Prediction markets Polymarket and Kalshi view Kevin Hassett, US President Donald Trump’s National Economic Council director, as the favorite to replace Jerome Powell as the next Federal Reserve chair.

The odds of Hassett filling the seat have spiked to 66% on Polymarket and 74% on Kalshi at the time of writing. Hassett is widely viewed as crypto‑friendly thanks to his past role on Coinbase’s advisory council, a disclosed seven‑figure stake in the exchange and his leadership of the White House digital asset working group.​

Founder and CEO of Wyoming-based Custodia Bank, and a prominent advocate for crypto-friendly regulations, Caitlin Long, commented on X:

“If this comes true & Hassett does become Fed chairman, anti-#crypto people at the Fed who still hold positions of power will finally be out (well, most of them anyway). BIG changes will be coming to the Fed.”

Source: Polymarket Money

Related: Crypto-friendly Trump adviser Hassett top pick for Fed chair: Report

Kevin Hassett’s crypto credentials

Hassett is a long-time Republican policy economist who returned to Washington as Trump’s top economic adviser and has now emerged as the market-implied frontrunner to lead the Fed.

His financial disclosure reveals at least a seven‑figure Coinbase stake and compensation for serving on the exchange’s Academic and Regulatory Advisory Council, placing him unusually close to the crypto industry for a potential Fed chair.​

Still, crypto has been burned before by reading too much into “crypto‑literate” resumes. Gary Gensler arrived at the Securities and Exchange Commission with MIT blockchain courses under his belt, but went on to preside over a wave of high‑profile enforcement actions, some of which critics branded as “Operation Chokepoint 2.0.”

A Hassett-led Fed might be more open to experimentation and less reflexively hostile to bank‑crypto activity. Still, the institution’s mandate on financial stability means markets should not assume a one‑way bet on deregulation.​

Related: Caitlin Long’s crypto bank loses appeal over Fed master account

Supervision pushback inside the Fed

The Hassett odds have jumped just as the Fed’s own approach to bank supervision has received pushback from veterans like Fed Governor Michael Barr, who earned his reputation as one of Operation Chokepoint 2.0’s key architects.
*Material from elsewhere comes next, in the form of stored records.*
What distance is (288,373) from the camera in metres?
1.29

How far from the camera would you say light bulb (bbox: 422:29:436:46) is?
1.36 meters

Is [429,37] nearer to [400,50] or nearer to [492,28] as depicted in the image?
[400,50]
According to Caitlin Long, while he Barr “was Vice Chairman of Supervision & Regulation he did Warren’s bidding,” and he “has made it clear he will oppose changes made by Trump & his appointees.”

On Nov. 18, the Fed released new Supervisory Operating Principles that shift examiners toward a “risk‑first” framework, directing staff to focus on material safety‑and‑soundness risks rather than procedural or documentation issues.
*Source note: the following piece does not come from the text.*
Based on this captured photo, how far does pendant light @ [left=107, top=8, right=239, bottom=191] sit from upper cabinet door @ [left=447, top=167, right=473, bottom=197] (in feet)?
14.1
In a speech the same day, Barr warned that narrowing oversight, weakening ratings frameworks and making it harder to issue enforcement actions or matters requiring attention could leave supervisors slower to act on emerging risks, arguing that gutting those tools may repeat pre‑crisis mistakes.​

Days later, in Consumer Affairs Letter 25‑1, the Fed clarified that the new Supervisory Operating Principles do not apply to its Consumer Affairs supervision program (an area under Barr’s committee as a governor).

If prediction markets are right and a crypto‑friendly Hassett inherits this landscape, his Fed would not be writing on a blank slate but stepping into an institution already mid‑pivot on how hard (and where) it leans on banks.